International career
- Years: Team / Apps / (Points)
- 2019–: Australia / 2 / (0)

= Alana Elisaia =

Alana Elisaia (born 26 April 1996) is an Australian rugby union player. She plays for the Wallaroos at international level and for the Queensland Reds in the Super W competition.

== Rugby career ==
=== 2018–22 ===
In 2018, Elisaia was part of the Queensland Reds inaugural squad for the first season of the Super W competition.

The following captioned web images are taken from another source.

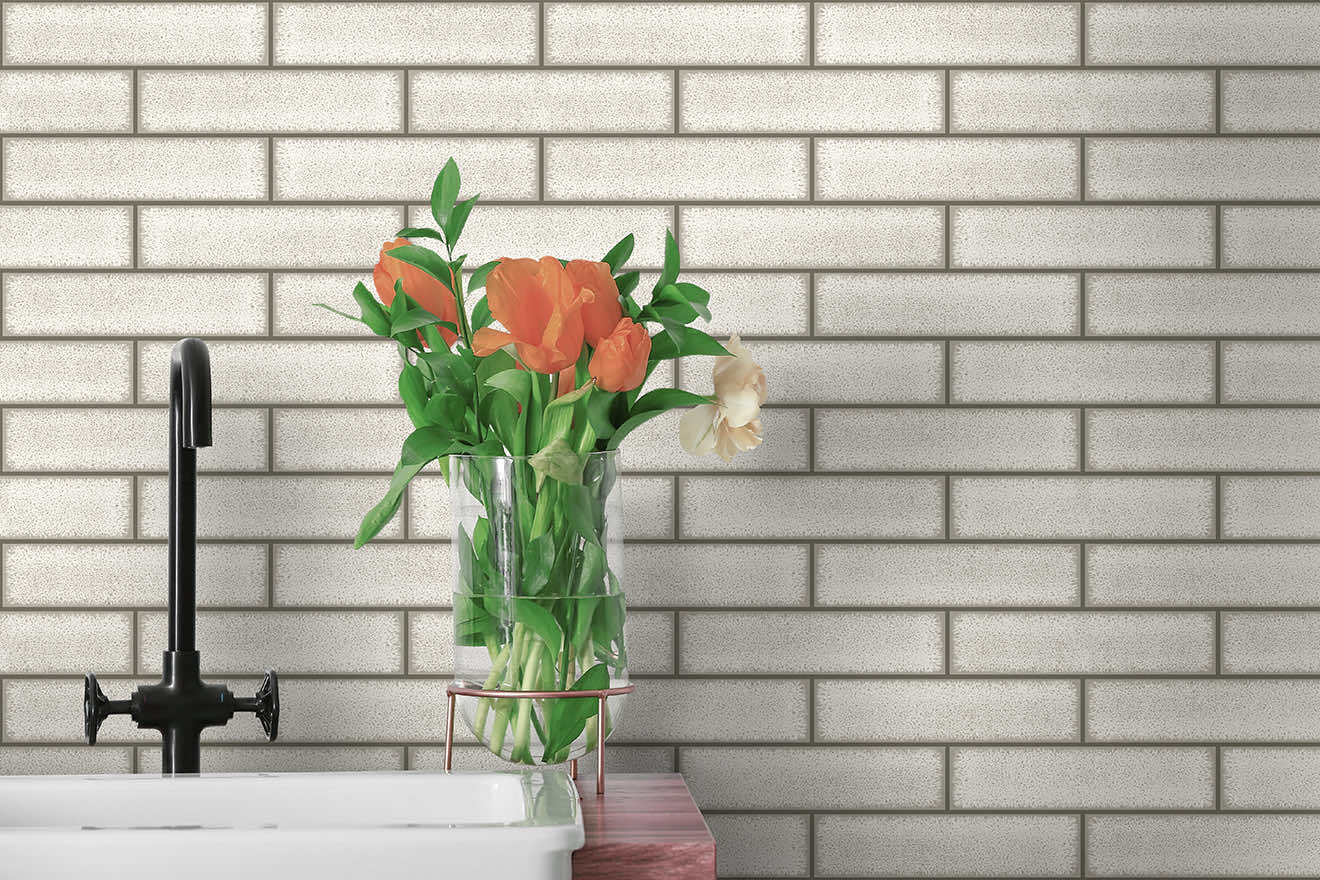 Celadon Gloss Tile Wallpaper - Dove - Holden Décor - 89389Wallpaper199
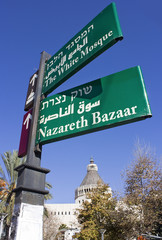 pointers to the attractions in Nazareth, Israel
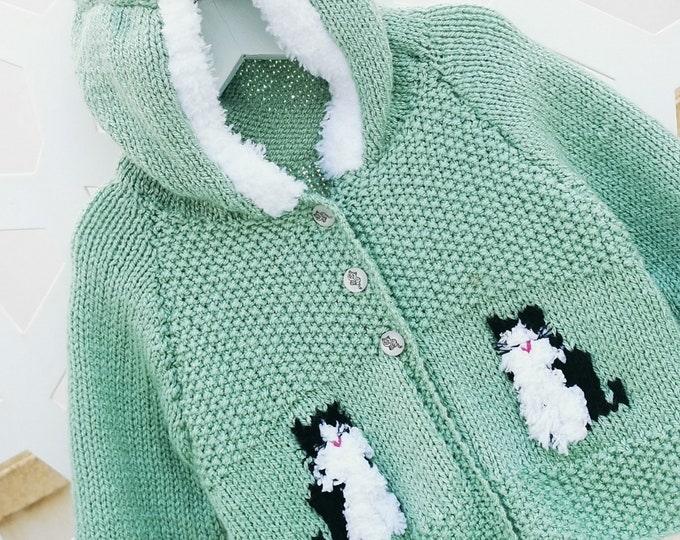 Knitting Pattern: Child's Cat Hoodie, Birth to 8 Years, DK yarn (Digital Download)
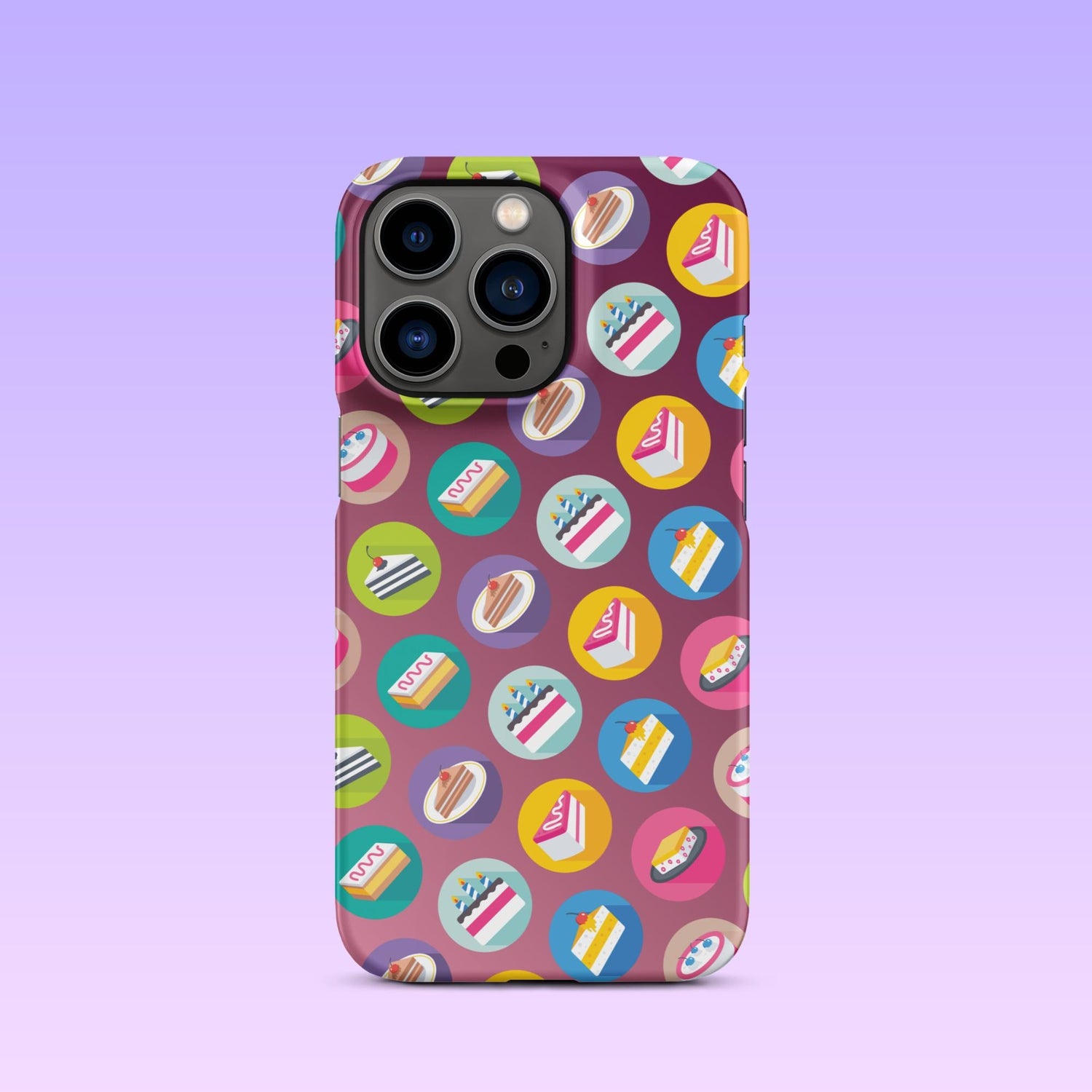 iPhone Phone Case with Colorful Modern Cake Icon Design (Tough, Snap, and Clear) - Homemade Hooplah's Hullabaloo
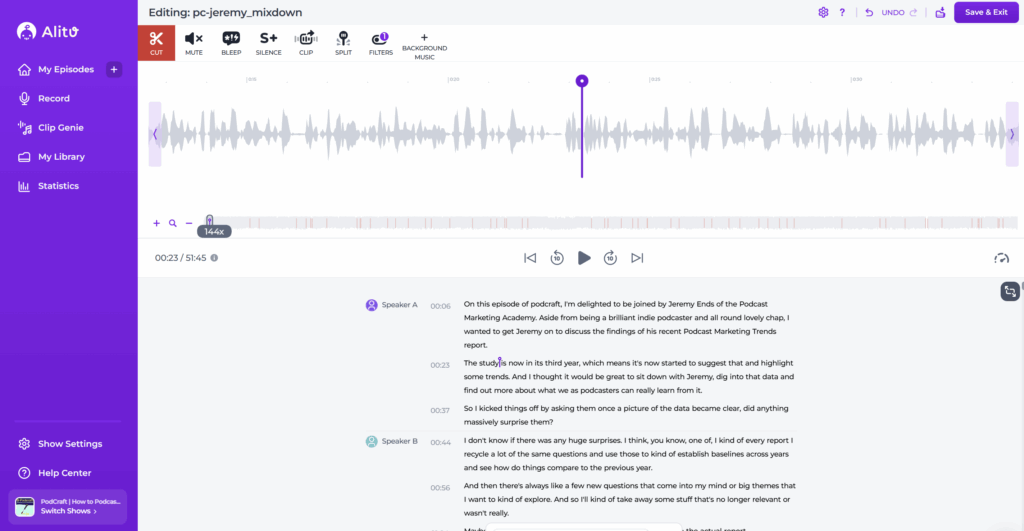 alitu's podcast editor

She scored a try for the Reds in the 2019 Super W season grand final, however, it wasn't enough to stop the NSW Waratahs Women from winning their second title.

Elisaia made her test debut for Australia against the Black Ferns in 2019. In 2022, she was the inaugural recipient of the Selena Worsley Medal; it was awarded to the Women's player of the year at the Queensland Premier Rugby Final breakfast.
=== 2023 ===
On 6 May, she started for the Queensland Reds in their grand final against the Fijiana Drua, her side were beaten 30–38 as the Drua claimed their second title. She returned for the Wallaroos test against Fiji on 20 May at the Allianz Stadium.